A Job has a status. Once a Job is submitted it goes through several statuses before ending in an End State. Most of these statuses originate in the underlying Kubernetes infrastructure, but some are Run:ai-specific.

The purpose of this document is to explain these statuses as well as the lifecycle of a Job.

Successful Flow

A regular, training Job that has no errors and executes without preemption would go through the following statuses:

Job-Statuses-Success

  • Pending - the Job is waiting to be scheduled.
  • ContainerCreating - the Job has been scheduled, the Job docker image is now downloading.
  • Running - the Job is now executing.
  • Succeeded - the Job has finished with exit code 0 (success).

The Job can be preempted, in which case it can go through other statuses:

  • Terminating - the Job is now being preempted.
  • Pending - the Job is waiting in queue again to receive resources.

An interactive Job, by definition, needs to be closed by the Researcher and will thus never reach the Succeeded status. Rather, it would be moved by the Researcher to status Deleted.

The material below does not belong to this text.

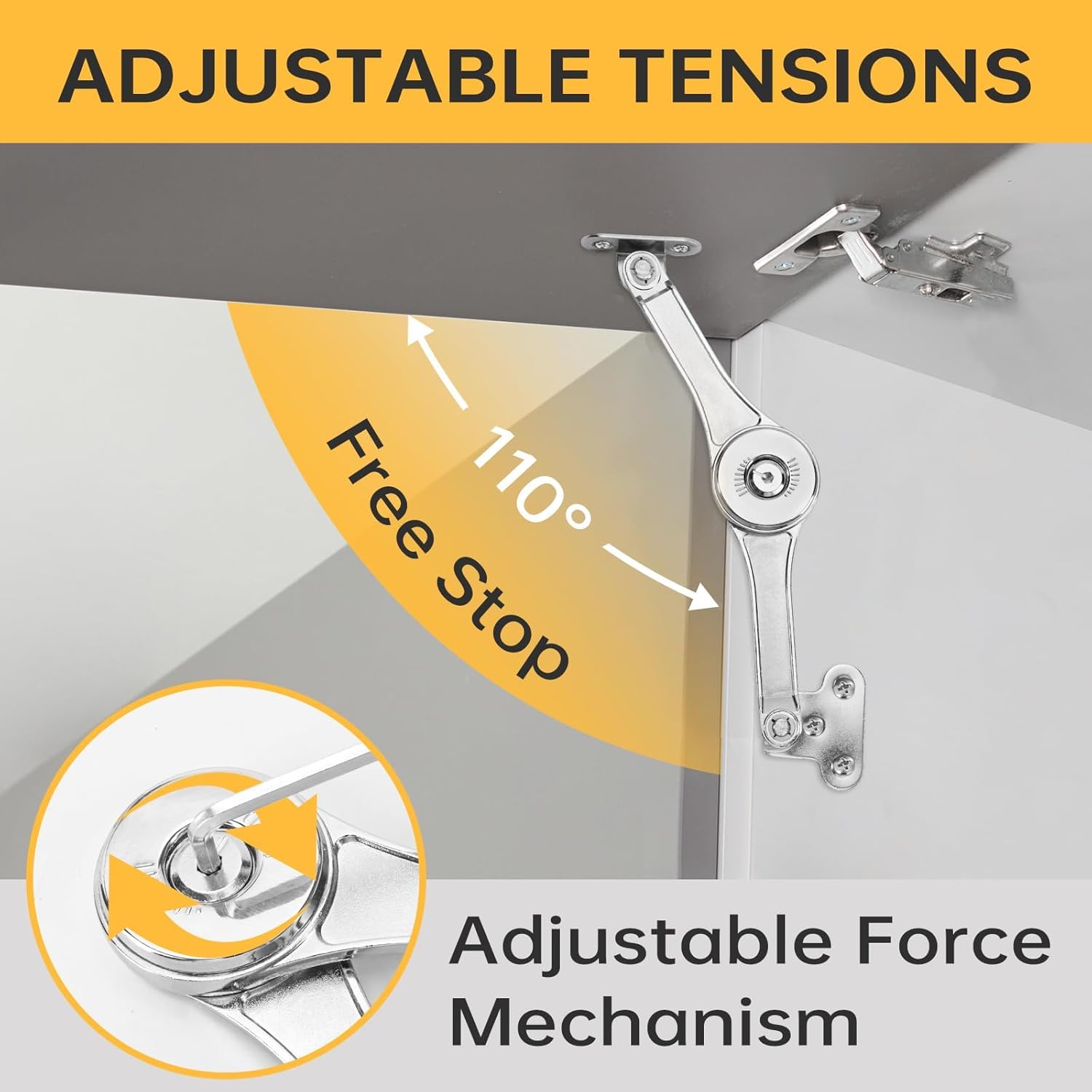 Adjustable Lid Hinges - Smooth Cabinet Operation -4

For a further explanation of the additional statuses, see the table below.

Error flow

A regular, training Job may encounter an error inside the running process (exit code is non-zero). In which case the following will happen:

Job-Statuses Training Error

The Job enters an Error status and then immediately tries to reschedule itself for another attempted run. The reschedule can happen on another node in the system. After a specified number of retries, the Job will enter a final status of Fail

An interactive Job, enters an Error status and then moves immediately to CrashLoopBackOff trying to reschedule itself. The reschedule attempt has no 'back-off' limit and will continue to retry indefinitely

Job-Statuses Interactive Error

Jobs may be submitted with an image that cannot be downloaded. There are special statuses for such Jobs. See table below

Status Table

Below is a list of statuses. For each status the list shows:

  • Name

  • End State - this status is the final status in the lifecycle of the Job

  • Resource Allocation - when the Job is in this status, does the system allocate resources to it

  • Description

  • Color - Status color as can be seen in the Run:ai User Interface Job list

Status

End State

Resource Allocation

Description

Color

Running


Yes

Job is running successfully


Terminating


Yes

Pod is being evicted at the moment (e.g. due to an over-quota allocation, the reason will be written once eviction finishes). A new pod will be created shortly


ContainerCreating


Yes

Image is being pulled from registry.


Pending


-

Job is pending. Possible reasons:

- Not enough resources

- Waiting in Queue (over-quota etc).


Succeeded

Yes

-

An Unattended (training) Job has ran and finished successfully.


Deleted

Yes

-

Job has been deleted.


TimedOut

Yes

-

Interactive Job has reached the defined timeout of the project.


Preempted

Yes

-

Interactive preemptible Job has been evicted.


ContainerCannotRun

Yes

-

Container has failed to start running. This is typically a problem within the docker image itself.


Error


Yes for interactive only 

The Job has returned an exit code different than zero. It is now waiting for another run attempt (retry).


Fail

Yes

-

Job has failed after a number of retries (according to "--backoffLimit" field) and will not be trying again.


CrashLoopBackOff


Yes

Interactive Only: During backoff after Error, before a retry attempt to run pod on the same node.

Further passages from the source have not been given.